FREE SPEECH THEORY IN A COMMERCIAL CULTURE,
THE MEANING OF "DISSENT,"
AND SPEECH RIGHTS IN THE AGE OF ROBOTICS

PROFESSOR SKOVER

 

FOCUS OF STUDY

 

As the pre-registration course description indicates, this seminar is not a study of the federal constitutional or administrative regulation of contemporary mass media. Although First Amendment norms and institutions will be examined at a theoretical level, this seminar cannot be characterized as a detailed study of the "black-letter" doctrines of American free speech law.

The central focus of this seminar is the exploration of the "ecology" of mass communications (that is, the phenomena of mass communications from the perspectives of history, sociology, political theory, technology, and cultural studies) and the relationship of this ecology to American legal theory and legal institutions.  Correspondingly, the assigned readings and class discussion will center on various dimensions of the relationship between free speech theories and mass communications technologies.

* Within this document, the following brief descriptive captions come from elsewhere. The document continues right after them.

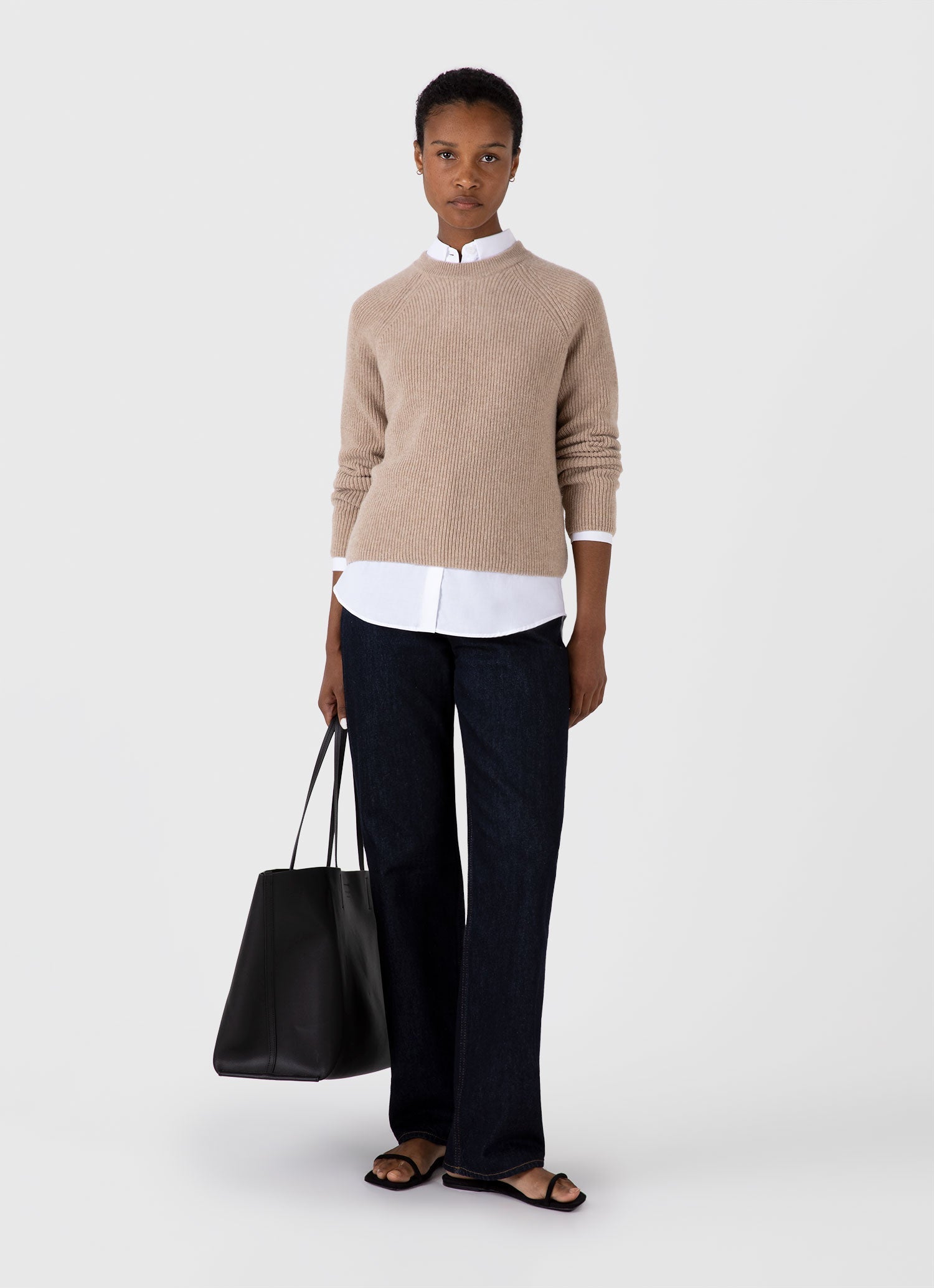 Women&rsquo;s Wool Cashmere Rib Jumper in Oatmeal Melange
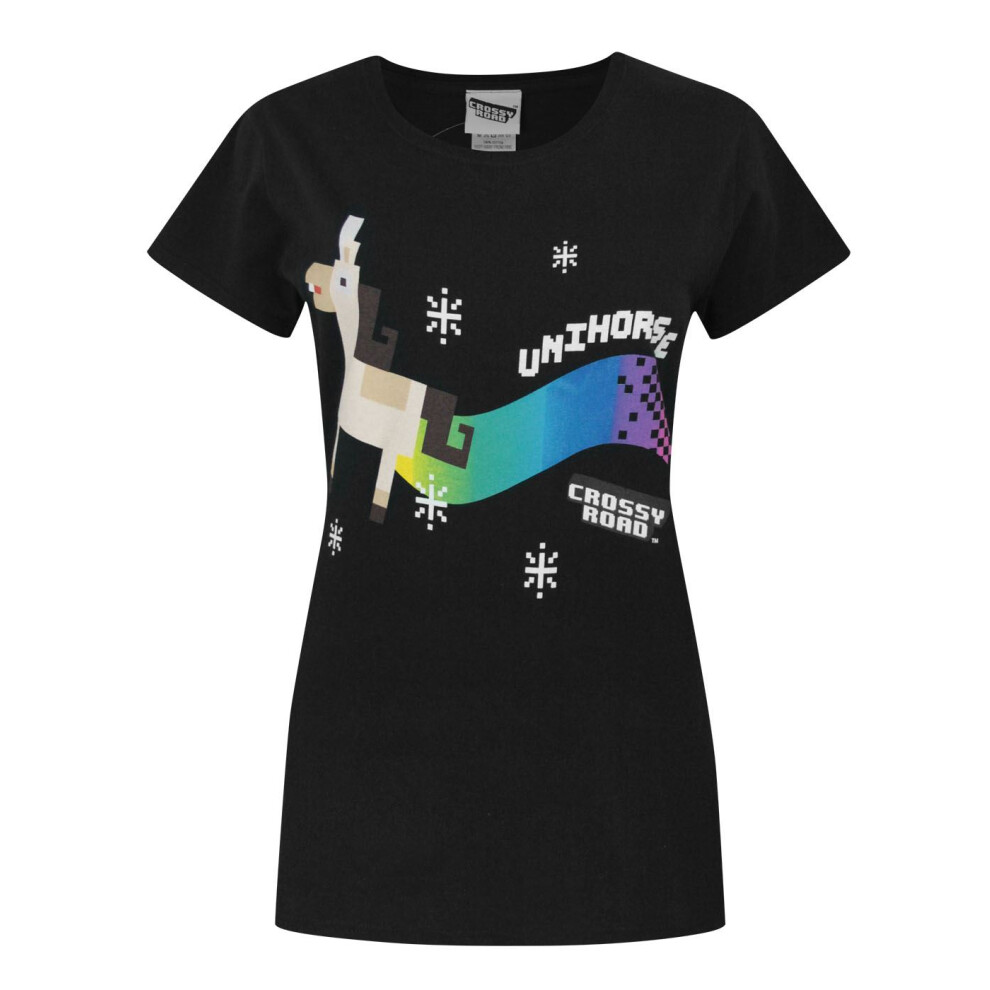 Crossy Road Women's Black (Large) Short Sleeved T-Shirt ( )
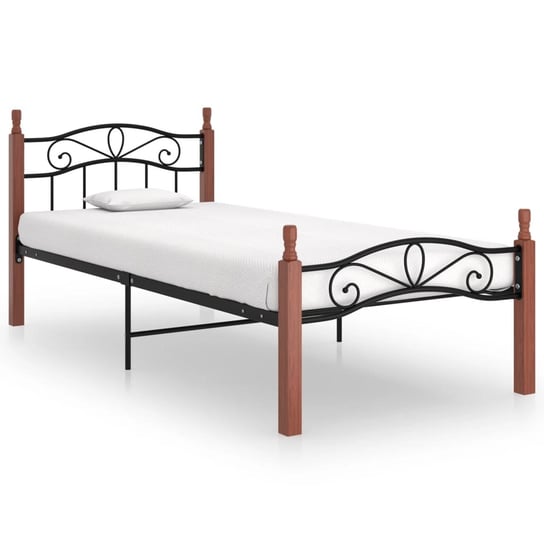 vidaXL Rama łóżka, czarny metal i lite drewno dębowe, 90x200 cm vidaXL
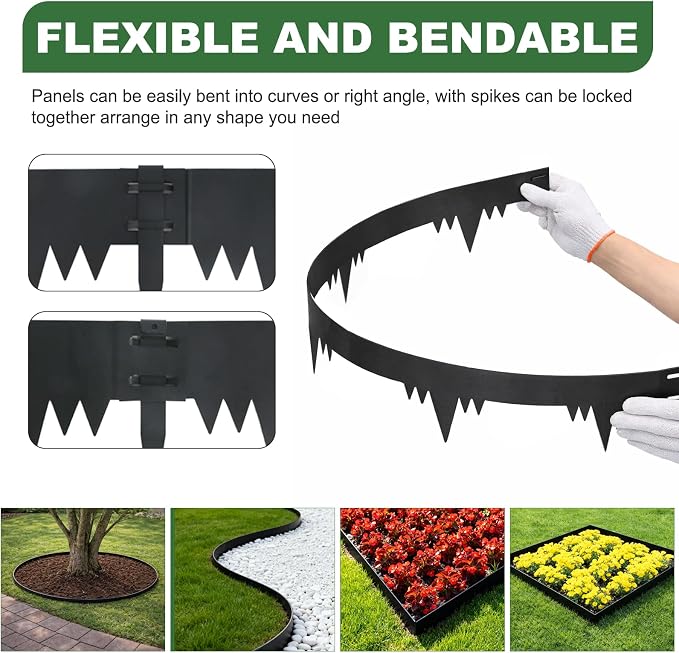 Metal Landscape Edging Border 10 Packs 42'' L x 5.5'' H, Galvanized Steel Garden Edging Border with 10 Stakes, Hammer-in Lawn Edging for Landscaping, Flower Bed, Yard, Pathway, Tree Ring (35ft Total)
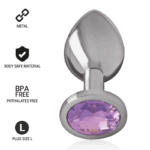 INTENSE - METAL ALUMINUM ANAL PLUG WITH VIOLET GLASS SIZE L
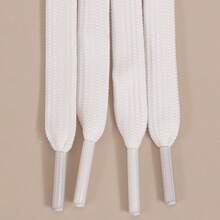 2 Pairs Polyester Flat Shoelaces, Suitable For Sneakers, Canvas Shoes And Casual Shoes, Multiple Colors Available - White - View 5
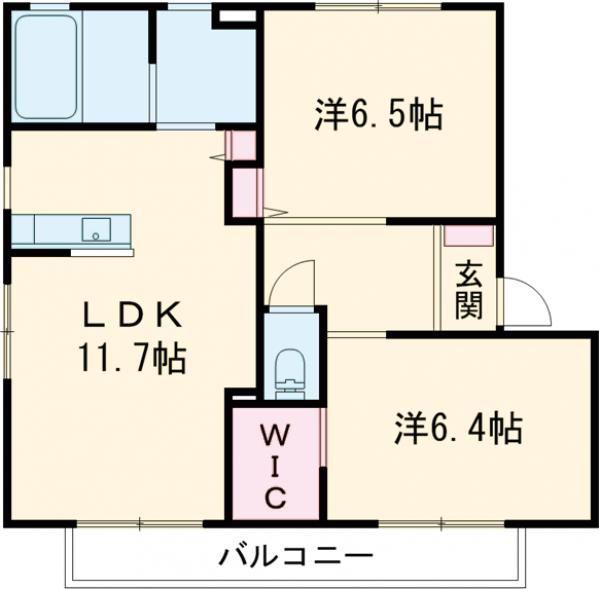 メゾン・シャルムM(2LDK/1階)の間取り写真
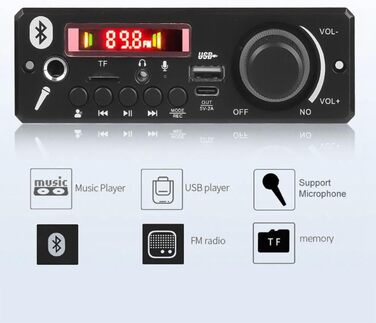 Декодер Плата 12 В MP3 плеєр Автомобільний FM-радіомодуль TF USB запис мікрофона (A), 5.0 DIY MP3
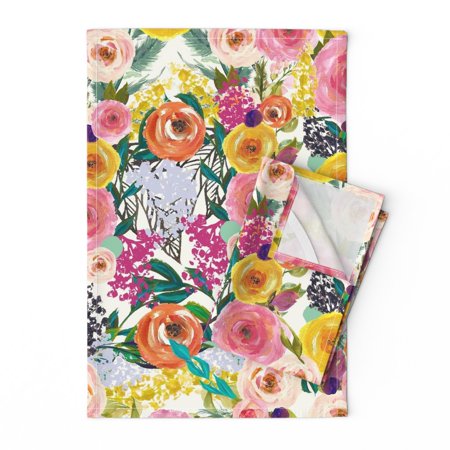 Bold Watercolor Floral Painted Linen Cotton Tea Towels by Roostery Set of 2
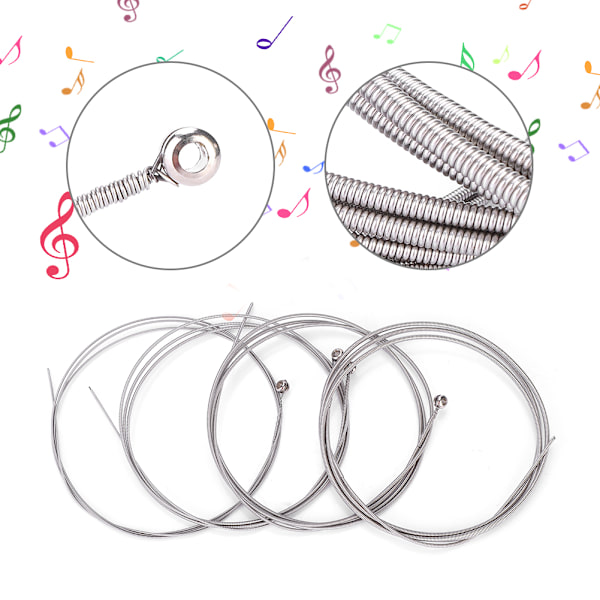 IRIN 4-pack B100 Elektrisk Bassträng G-D-A-E Stål Nickel Legering Medium Spänning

For example, the socio-economic and political conventions that evolved from the use of particular technologies for mass communications and the law's understanding and control of these conventions will be one of the more important aspects of our study.  In other words, one of our objectives is to become aware of the degree to which the technologies of communication affect the substantive content of communication, (a part of what Marshall McLuhan means by his famous aphorism that "the medium is the message"), and of the degree to which the law does or does not take account of this synergy in its governance. In short, it is important for us to become aware of the degree to which the technologies of communication influence the theories and practices of the First Amendment. .

For another example, our study will explore whether the First Amendment's traditional justifications for protecting the freedoms of speech -- to safeguard deliberative democracy, to promote enlightened political participation and dissent, to encourage serious literary and artistic expression -- are trivialized in our entertainment and commercial mass culture and rendered increasingly irrelevant to speech protections in the age of robotics.

These examples are merely illustrative of the nature and scope of the topics that we will be examining.